Problem details:
Beginning with the line that has "this 930×620 image.", write out each line down to the end of the records below exactly, and include no pictures.

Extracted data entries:
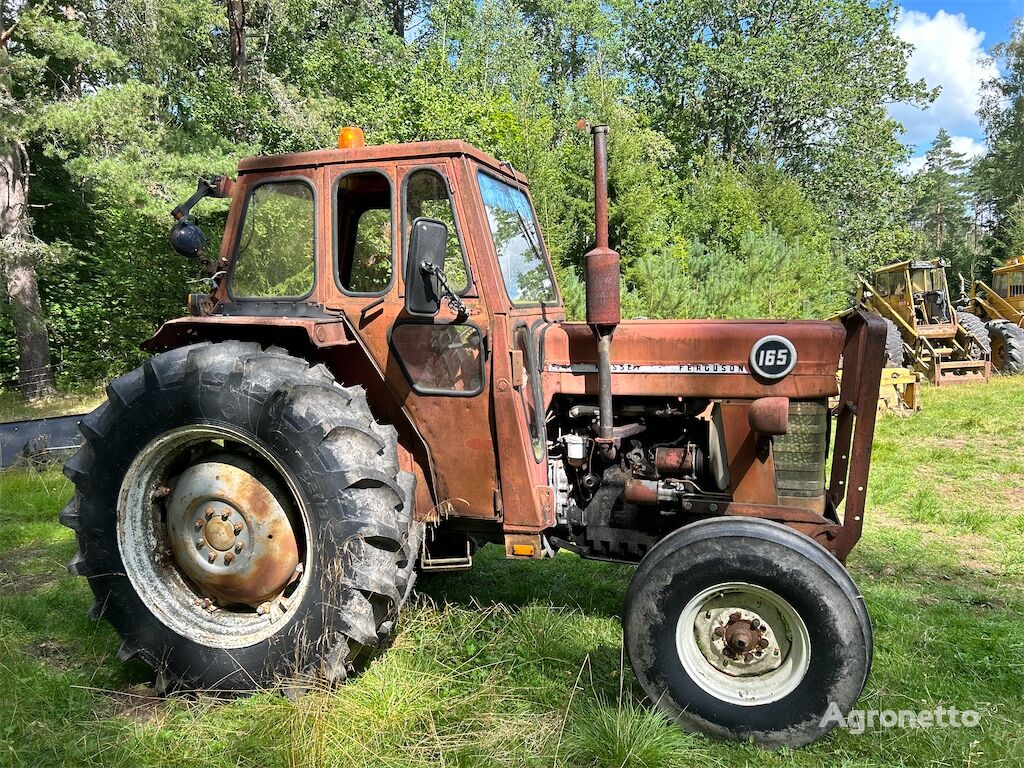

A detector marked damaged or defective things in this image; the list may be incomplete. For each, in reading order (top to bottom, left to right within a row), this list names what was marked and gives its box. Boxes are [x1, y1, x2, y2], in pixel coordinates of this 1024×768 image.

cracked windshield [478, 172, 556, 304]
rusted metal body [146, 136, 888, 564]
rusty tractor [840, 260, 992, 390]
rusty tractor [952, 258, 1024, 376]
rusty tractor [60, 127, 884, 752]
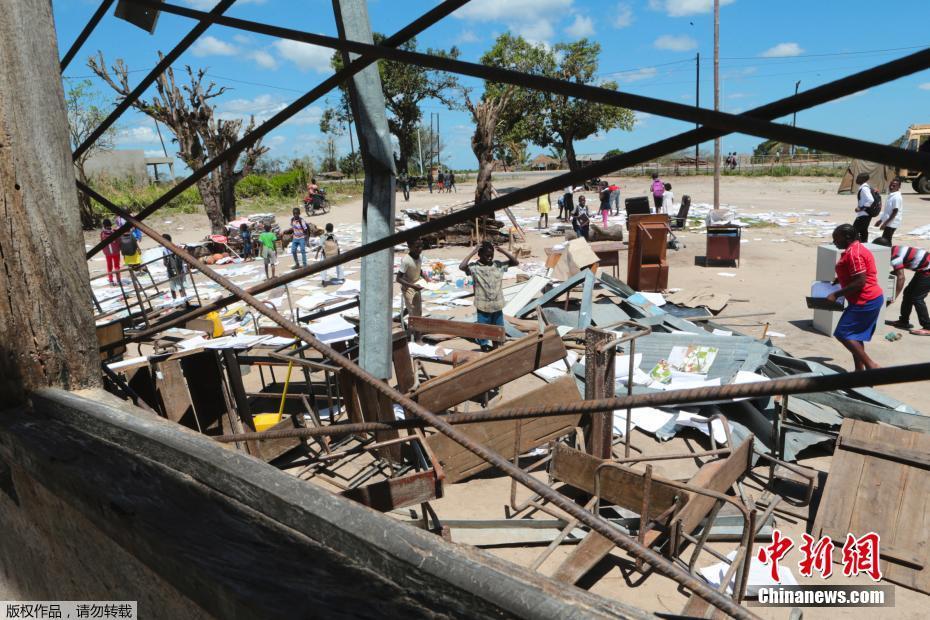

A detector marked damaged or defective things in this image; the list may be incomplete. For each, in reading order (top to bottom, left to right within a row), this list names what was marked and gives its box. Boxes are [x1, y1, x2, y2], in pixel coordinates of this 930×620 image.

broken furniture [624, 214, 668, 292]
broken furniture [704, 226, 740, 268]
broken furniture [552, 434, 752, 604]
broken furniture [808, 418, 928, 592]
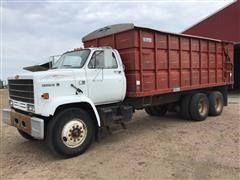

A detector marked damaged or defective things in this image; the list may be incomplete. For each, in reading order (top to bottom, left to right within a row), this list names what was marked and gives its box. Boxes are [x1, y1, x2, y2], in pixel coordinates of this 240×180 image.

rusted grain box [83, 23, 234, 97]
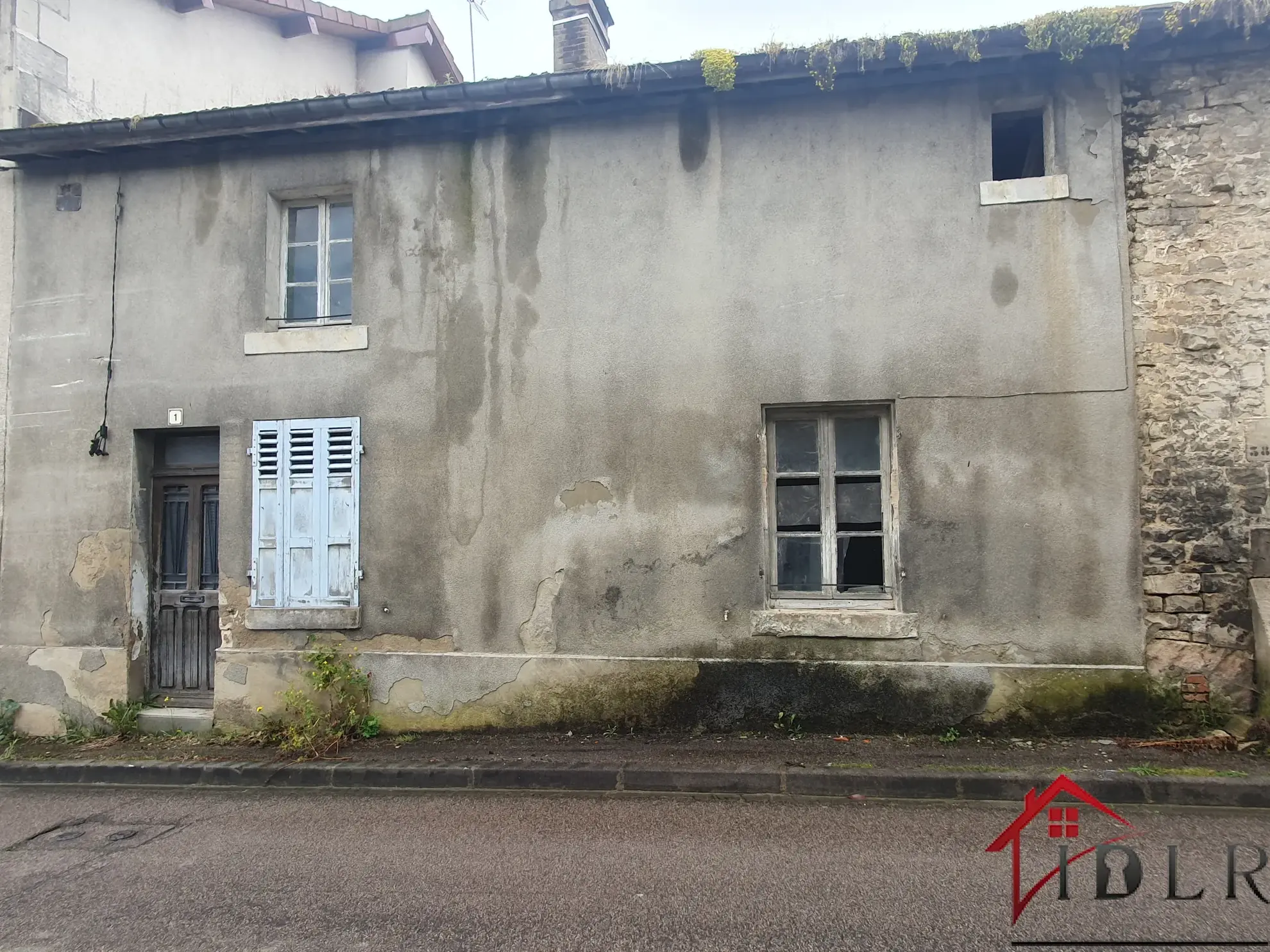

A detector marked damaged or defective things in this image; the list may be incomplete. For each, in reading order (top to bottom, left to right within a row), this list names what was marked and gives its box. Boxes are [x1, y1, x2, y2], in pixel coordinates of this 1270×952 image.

Answer:
A detector marked damaged or defective things in this image; the list may be incomplete. For each, in reading order (top to bottom, left to right within a row), this list names what was marked and gives its box. Boxes are [x1, y1, x2, y2], in pixel coordinates of this 930×620 image.

broken furniture [624, 214, 668, 292]
broken furniture [704, 226, 740, 268]
broken furniture [552, 434, 752, 604]
broken furniture [808, 418, 928, 592]

A detector marked damaged or defective things in this image; the list may be incomplete. For each, in reading order (top to bottom, left to right within a row), this list names what was marked and gives its box. Boxes are [x1, y1, x2, y2], in pixel coordinates of this 240×180 image.

rusted grain box [83, 23, 234, 97]

A detector marked damaged or defective things in this image; the list may be incomplete. For each, in reading order (top to bottom, left to right within a row), this list names what was marked and gives its box. Boxes are [x1, y1, x2, y2], in pixel coordinates of this 1270×952 image.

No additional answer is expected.